Kapaleeswarar: An ancient Shiva temple, is the biggest temple in Chennai. A masterpiece of Dravidian style and displays the architectural elements - gopurams, mandapams and a tank. There are some fragmentary inscriptions dating back to 1250 AD.

Sri Parthasarathy Temple, devoted to Lord Krishna, was originally built by the Pallavas in the 8th century and renovated in the 16th century bt the Vijayanagars. It houses the five 'avatars' of Lord Vishnu, and has a small temple shrine dedicated to Vishnu's consort, Vedavalli Ammai. It's one of the oldest surviving temple in Chennai.

The Santhome Cathedral Church built in 1504, then rebuilt in neo-Gothic style in 1893, this Roman Catholic Church near Kapaleeshwarar temple is said to house the remains of St. Thomas the Apostle.

St. Thomas Mount ,situated near the Meenambakkam airport, is the place where the apostle is said to have been killed.
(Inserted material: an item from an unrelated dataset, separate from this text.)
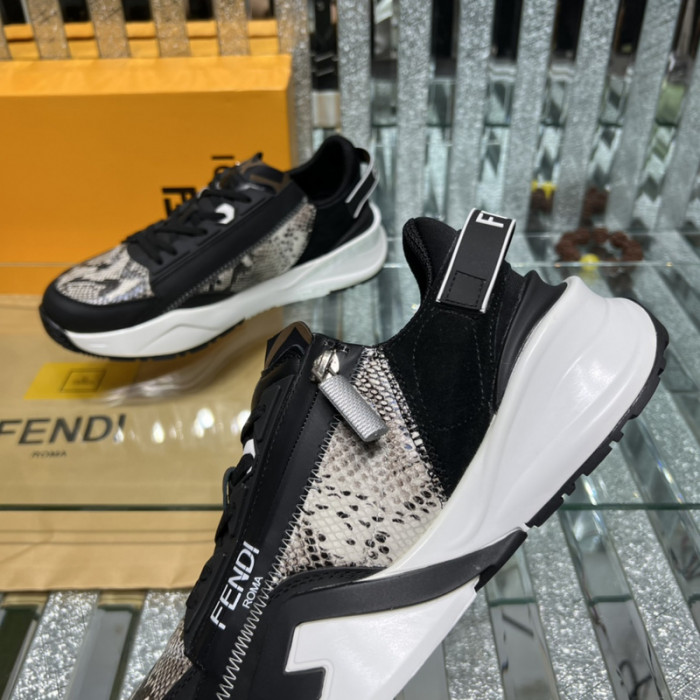 FENDI SNEAKERS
Little Mount Shrine St. Thomas is believed to have lived in Little Mount Shrine (a tiny cave) when he came to India around 58 A.D. Known locally as Chinnamalai, the cave is entered via the Portuguese Church that was built in 1551.

Fort St. George: It was built in the 1640 A.D., the first bastion of British power of India, the fort has undergone much alteration. The fort is now used by the Tamilnadu Legislative Assembly and the Secretariat office. The 46m high flagstaff at the front is actually a mast salvaged from a 17th century shipwreck.
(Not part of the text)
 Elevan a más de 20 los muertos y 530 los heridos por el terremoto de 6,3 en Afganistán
St. Mary's Church built in 1678-80, was the first English Church in Chennai, and is the oldest surviving British Church in India. There are reminders in the Church of Clive, who was married here in 1753, and of Elihu Yale, the early Governor of Chennai who later founded the famous American University bearing his name.

The Fort Museum has a collection of objects from the tenure of the East India Company in Chennai including letters from Robert Clive. There are many contemporary paintings too.
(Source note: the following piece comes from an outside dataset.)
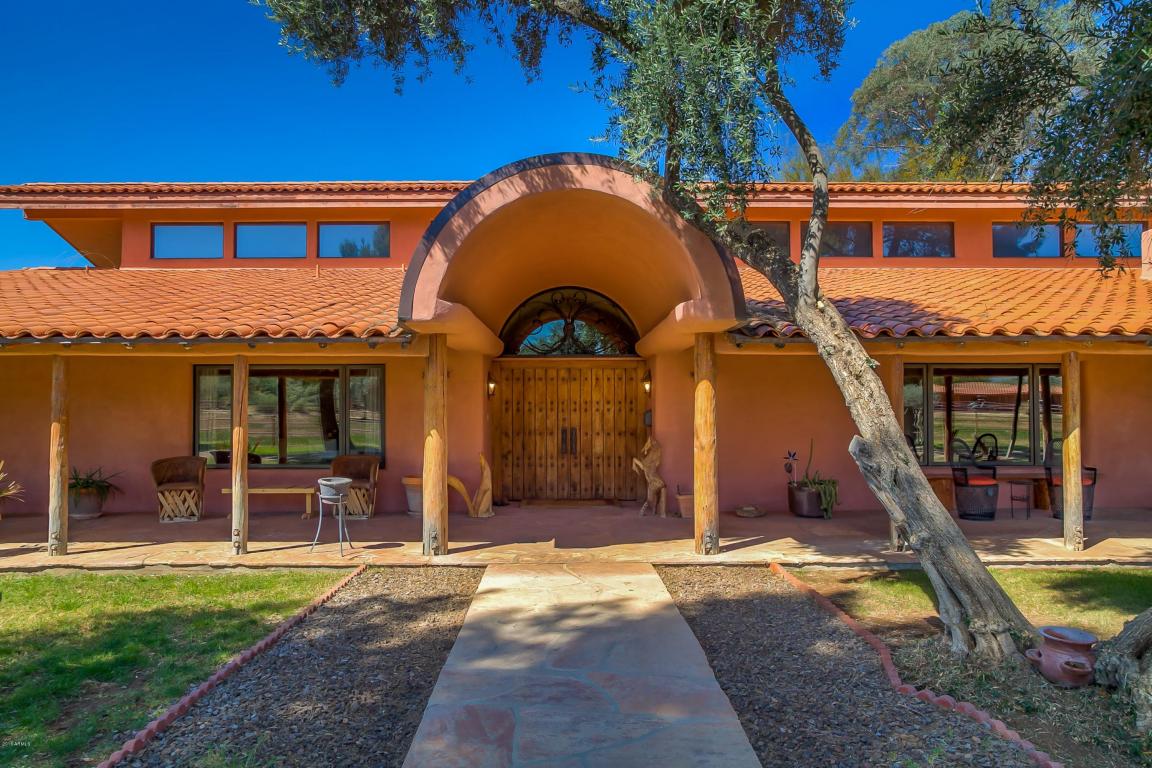 5950 W TABLE MESA Road, New River, AZ 85087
The Snake Park with its lizards, crocodiles and turtles is more interesting. It is well maintained with generous enclosures. The Snake Park has a wide variety of reptiles. The next compound is the 'Children Park', which has a small collection of animals and birds and a big play area for children.

Kalakshetra ,devoted to the revival of classical arts, was founded by Rukmini Devi Arundale in 1936. Classical dance, music, traditional textile designs and weaving are taught in natural surroundings.

The Theosophical Society is set in a tranquil spot on the banks of the Adyar river. There is a huge banyan tree, with its branches spreading over an area of 40,000 square ft, where discourses are conducted.

The Valluvar Kottam on the corner of Kodambakkam High Rd and Village Rd, honours the acclaimed Tamil Poet, Thiruvalluvar, whose classic work - one thousand three hundred and thirty kurals (couplets) - are reputed to be about 2000 years old. Established in 1976, Valluvar Kottam replicates ancient Tamil architecture with the 1330 verse Kural inscribed on panels. The outer structure in stone is a replica of the temple car of Thiruvarur in Tamilnadu.

B.M Birla Planetarium is situated in Kotturpuram in Chennai, the B. M. Birla Planetarium houses a modern, fully computerised projector, which depicts the heavens on a hemispherical dome.

The National Art Gallery is situated in Egmore were established in 1857. There are sections on geology, archaeologym anthropology, numismatics, botany, zoology and sculpture, besides a collection of armoury.

Government Museum: Well worth visiting, the Government Museum is on Pantheon Rd, between Egmore and Anna Salai. The buildings originally belonged to a group of eminent British citizens, known as the Pantheon Committee, who were charged with improving the social life of the British in Chennai. The main building has a fine archaeological section representing all the major south Indian periods including Chola, Vijayanagar, Hoysala and Chalukya. It also houses a good ethnology collection. The bronze gallery has a superb collection of Chola art. One of the most impressive is the bronze of Ardhanariswara, the androgynous incarnation of Shiva.

Marina Beach:
The stretch of beach known as the Marina extends for 13km. South of the pitiful aquarium is the Ice House, once used to store massive ice blocks transported by ship from North America. It later became the venue from which Vivekanand preached his ascetic philosophy.